Free trials helps you to showcase your products to your potential customers. The idea is to "try out" or get a "preview" of the product & not discounting.
On the other hand, freemium means you can opt for free plan for lifetime (as long as it meets your needs). Of course, there's a premium plan with more features & freedom.
The popular email marketing service MailChimp uses the freemium model to attract new customers. But, is it really discounting? I think so. Because freemium users may not even upgrade to a premium plan in their lifetime & still continue to use the product. And, that will cost you money in terms of server, support & maintenance. So, basically, you're allowing free plans users to use your infrastructure free of cost. That's discount, of course.
To get the best out of the freemium model, companies need to funnel users effectively through to the premium tier.
For example, MailChimp doesn't offer the autoresponder sequence (one of the most important features for an email marketer) as a feature of the free plan. So, if your business grows & you feel the need of an autoresponder, you perhaps will upgrade to the MailChimp's premium tier.
Lastly, the demo pricing model involves offering a live demo or presentation of your product to your potential customers. Companies offering demos don't generally display their pricing upfront. Instead, you'll be offered a custom plan on completion of a demo or chat with the sales representative. This model is primarily used to sell high-ticket B2B software or solutions.
When it comes to discounts, how can I forget writing about eCommerce companies.
In fact, the biggest eCommerce retailer, Amazon uses discounts every now & then. When you see original price struck off & a new lower price shown, that's discounting. Amazon also offer special deals(over & above the discounted price) on some special occassions like festivals.
Discounts on an eCommerce store can either be given in the form of a coupon code or it be automatically applied on product pages or checkouts. Some eCommerce companies also give conditional discounts meaning you'll be eligible for discount if you meet a threshold like total order value, number of quantities, etc.
Have you noticed the timing of conditional discounts? Most eCommerce sites will not show you the discount code until unless you're about to leave their website without taking any action. This a widely used exit-intent marketing tactic. In fact, I sometimes visit an eCommerce store & purposely try leaving the site to get a discount, LOL.
Some even give discounts to people who've entered their order details but didn't complete the order for some reason. In those cases, you'll receive a nice email (after a few hours of abandoning the cart) with the discount code inside.
Are these eCommerce companies also trapped in the "Discounting Trap Cycle"? Yes, I think so. Applying the same theory, the sellers at Amazon are also sellers at other marketplaces like eBay. So, ultimately, the consumers will prefer a marketplace that provides them with the cheapest price for the same product.

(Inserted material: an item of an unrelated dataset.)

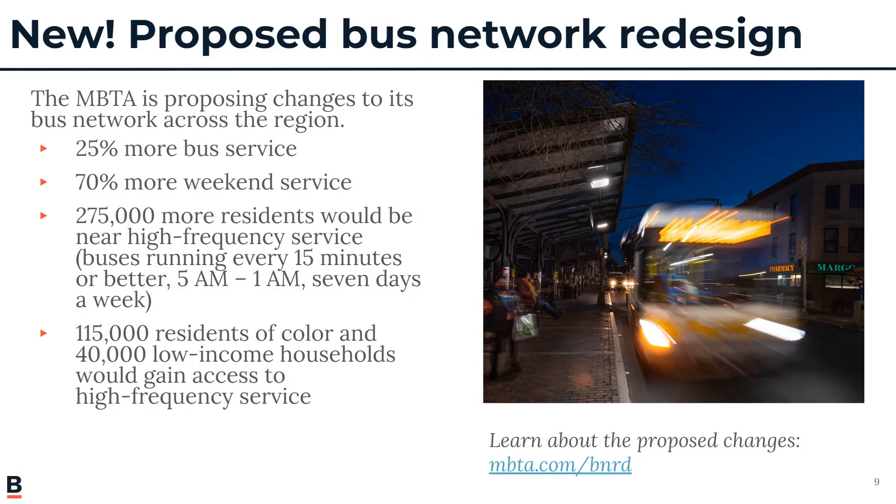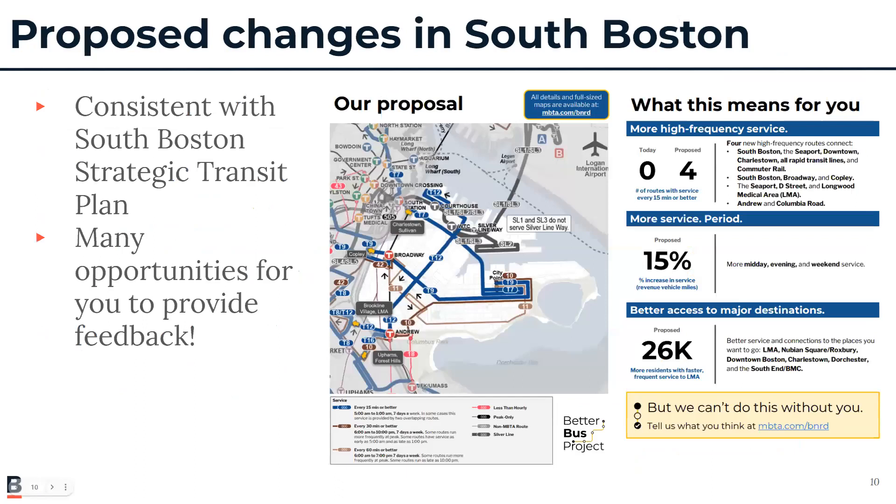I encourage everyone to go on to the T's page to offer feedback, comments, and concerns — please log on and check that out because it is relevant to what we're doing, and it's all tied together. There are two new proposed routes: the T12, a high-frequency route, and the T7, which would essentially marry the 7 and the 93 bus to create a high-frequency hybrid T7.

A great way to avoid discounting & thereby improving profitability is by creating or selling unique products. Sell something that can differentiated. Something remarkable, valuable & yet different. That way you won't feel the urge to give discounts every now & then.
Example: If you're planning to launch an eCommerce marketplace then go for an exclusive tie-up agreement with interested sellers.
Example: If you're planning to launch a stand-alone eCommerce store, try selling disruptive & unique products that can't be found on marketplaces like Amazon. I know some niche fashion businesses who follow this principle & have seen success. If you're into fashion, things become a bit easy because designs are always differentiable. You can always "Hey look, we're charging premium because our designs are unique". Makes sense?
To conclude, I feel discounting is a useful marketing strategy when it comes to launching a new product. Other than that, you should limit your discounting only to seasonal events. Focus more on your customers' needs & improve your products accordingly.